I wasn't expecting when I woke up this morning I would have 7 replies. What a awful lot to think about!

Think of this too, you have order books behind his back!

We talked about the books and I asked him if I could order the books myself. He told me to "do whatever I wanted". Probably not the best thing you want to hear but it's not a secret anymore.

Until he is comfortable with you perusing information, should you question how far you should go?

I am a bit confused with the "how far you should go". It is implying a negative aspect to the whole thing and I don't see why there would be. Him being uneasy maybe but I don't understand the negativity.

Do you think you would be giving up anything by delaying it until your husband understood it more?

This is a good point. :) I am a learning a lot from this thread about what his feelings may be. I need to talk about this with my therapist more.

I guess since you are married and have no intention of acting on your attraction to women, this is a self acceptance thing?

. I think that is what you are doing, exploring an aspect of your self-hood.

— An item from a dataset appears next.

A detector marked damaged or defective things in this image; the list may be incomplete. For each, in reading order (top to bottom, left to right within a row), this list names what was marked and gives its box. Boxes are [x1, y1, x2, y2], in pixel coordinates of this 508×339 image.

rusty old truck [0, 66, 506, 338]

Yes, spot on Alba. :) It's not about exploring and seeking out woman...it's about accepting. A stronger foundation.
 
I am heterosexual, female, and from that viewpoint I would say that it isn't immediately obvious to me what you are exploring by getting the books if you're not intending to take any action. If I was your partner, I think that would be very much what I was wondering. Do you think you've been able to convey clearly to your husband what this means to you, not just say what it doesn't mean?

I wonder if, because this makes sense to you, you might be expecting too much of a leap in understanding. I don't know whether your husband has thought much about this kind of thing himself - I haven't ever given it much thought, and I expect a number of heterosexuals never do. I can't relate this to my own experience (except to things which, if I was your partner, would make me feel insecure).

I am quite open to understanding your reasons, but I wouldn't be able to understand them unless you could go into that with me in a way I could relate to. (For example, I have had to think about my identity in terms of gender, race and class. It's not the same, but it gives me some sort of reference.)

It is perfectly with in your partners rights to understand their own sexuality... I would just be that much more comfortable with myself.

Lots of things are within a partner's rights that can feel threatening to the other partner.

Also, how are you able to say how it will make you feel, if you haven't done it yet?

I'm trying to think of the right way of saying this. I hope it doesn't come out wrong. You seem to be focussing on reassurances regarding how things will be after you've explored this. Without really understanding what you're hoping to get from reading the books, though, I would be thinking: 1) You're unsatisfied with something now, or you wouldn't need to read them, and 2) Reading about something I can't give you will make things worse.

When I took a job abroad, several people thought I'd stay there forever and never come back. Simply saying to them, "No, I won't stay there very long" did nothing to change their minds about this. They dismissed this because I hadn't lived there yet, so how could I know if I'd want to stay? What was more convincing was to tell them specifically what I hoped to get from going - get my language skills to a certain standard, add a certain type of work experience to my CV, find out what it was like to live in a different country so I could understand the experience of people coming to live in my own country, etc.

It was obvious to me that those were my reasons, but not to other people. It was also obvious to me that they would be met by 2 or 3 years in the country and I'd be very unlikely to stay beyond that time if these were my only reasons for going. Several people had been projecting their own ideas onto me and assuming I wanted to get away from things I didn't like about the UK. They wouldn't have understood my reasons or been reassured if I hadn't explained more fully.
 
He's attracted to women too, he's not going to cheat because of that.

Yes... and he's in a relationship with a woman so he can fulfil his attraction to women without needing to cheat. I'm not saying, Ayesha, that you would cheat on him! Just that I can only imagine what might be going through his mind.